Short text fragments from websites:
##########
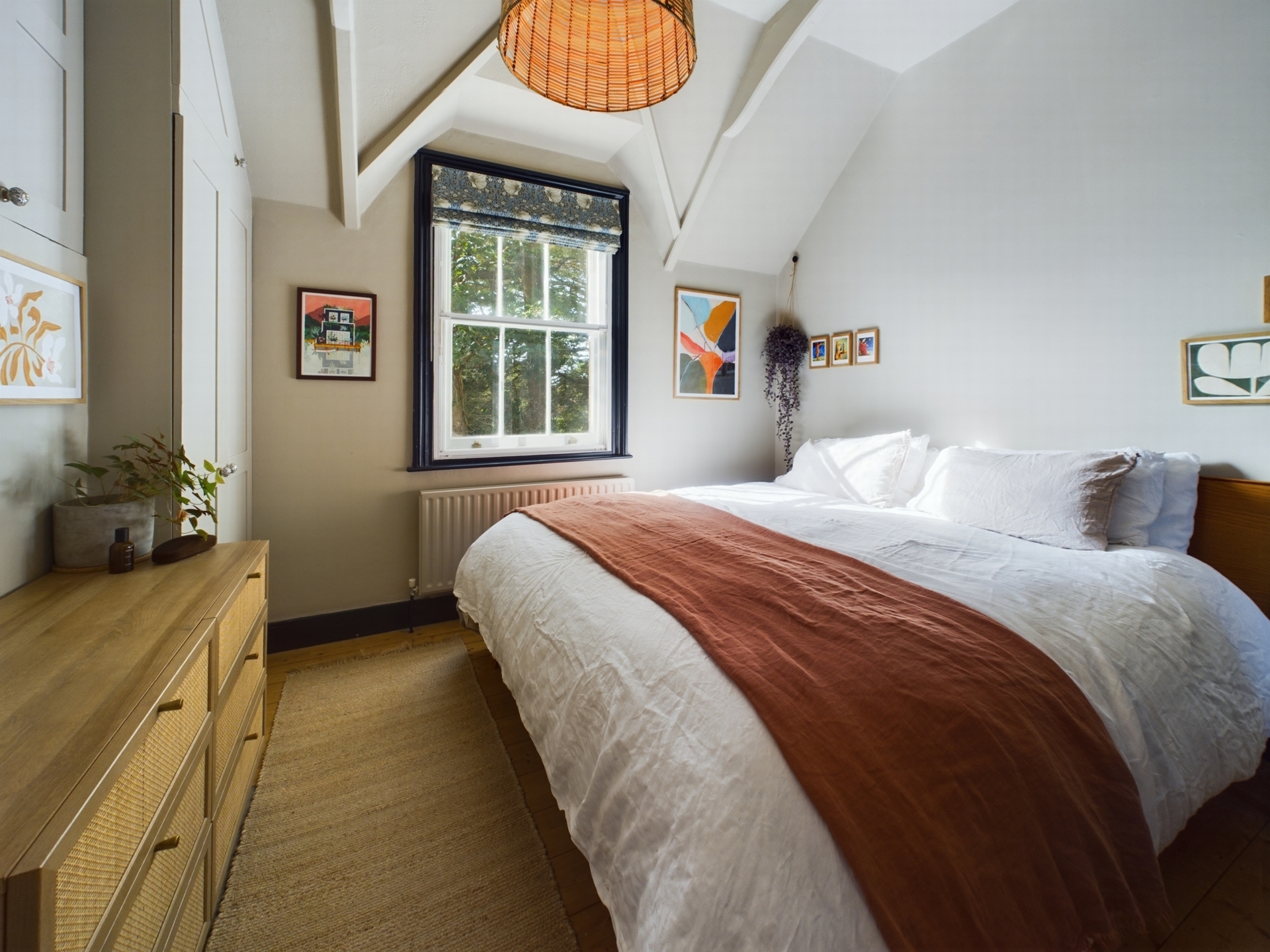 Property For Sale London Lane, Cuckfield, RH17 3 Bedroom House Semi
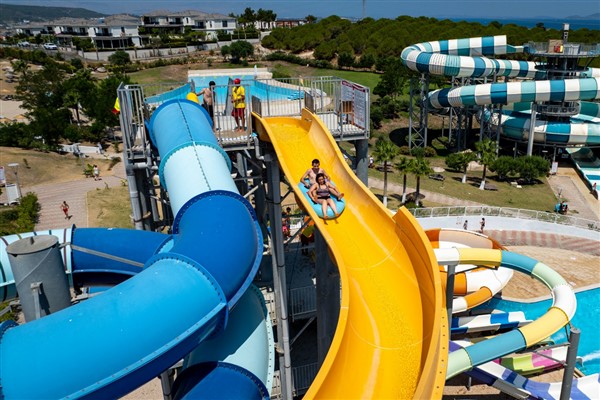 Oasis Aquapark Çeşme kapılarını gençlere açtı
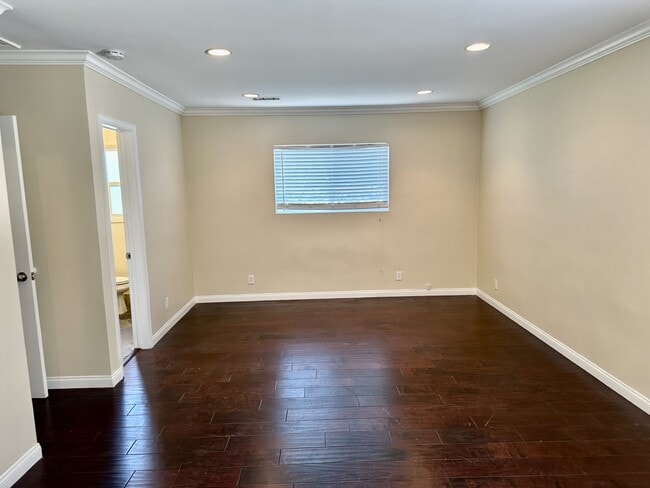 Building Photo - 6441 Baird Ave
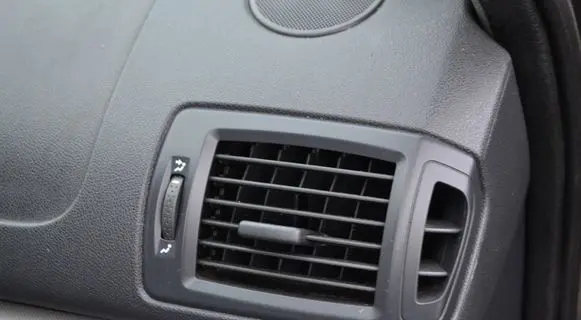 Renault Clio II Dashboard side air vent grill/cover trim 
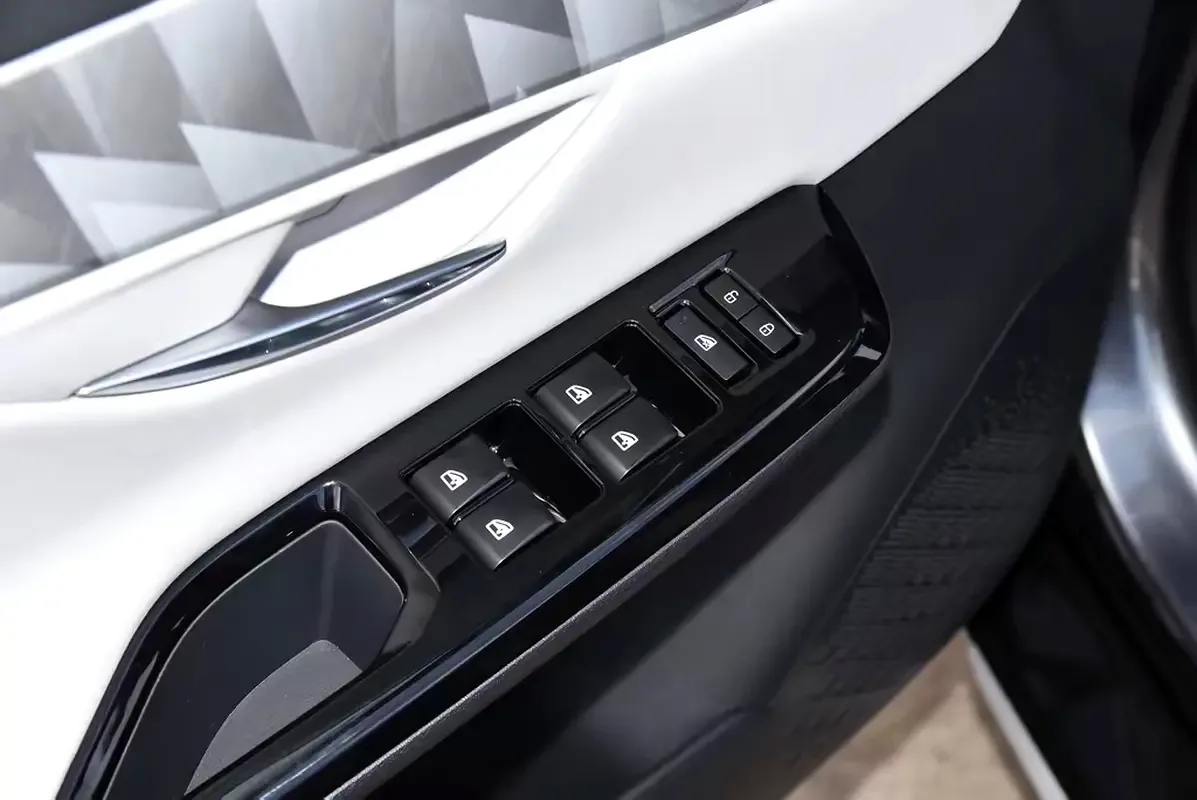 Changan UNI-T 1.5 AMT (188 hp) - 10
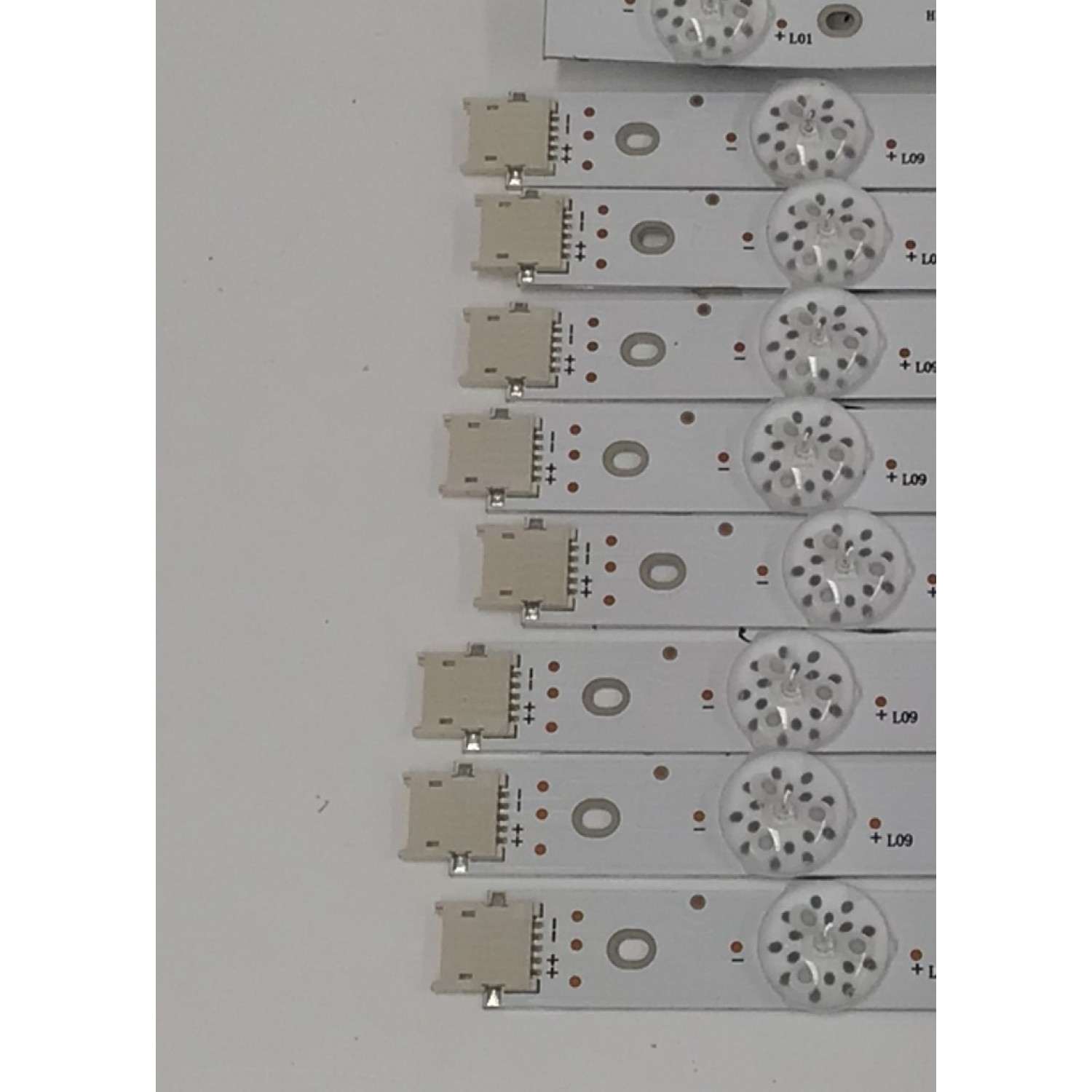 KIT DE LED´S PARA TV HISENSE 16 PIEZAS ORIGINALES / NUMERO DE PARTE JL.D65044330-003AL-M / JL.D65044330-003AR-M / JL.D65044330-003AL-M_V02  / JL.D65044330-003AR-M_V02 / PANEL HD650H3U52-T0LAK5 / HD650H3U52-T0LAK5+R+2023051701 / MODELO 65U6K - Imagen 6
##########
ABOUT THIS EXERCISE » Excluding the pictures, transcribe each entry above word for word.

RESULT BELOW »
 Property For Sale London Lane, Cuckfield, RH17 3 Bedroom House Semi
 Oasis Aquapark Çeşme kapılarını gençlere açtı
 Building Photo - 6441 Baird Ave
 Renault Clio II Dashboard side air vent grill/cover trim 
 Changan UNI-T 1.5 AMT (188 hp) - 10
 KIT DE LED´S PARA TV HISENSE 16 PIEZAS ORIGINALES / NUMERO DE PARTE JL.D65044330-003AL-M / JL.D65044330-003AR-M / JL.D65044330-003AL-M_V02  / JL.D65044330-003AR-M_V02 / PANEL HD650H3U52-T0LAK5 / HD650H3U52-T0LAK5+R+2023051701 / MODELO 65U6K - Imagen 6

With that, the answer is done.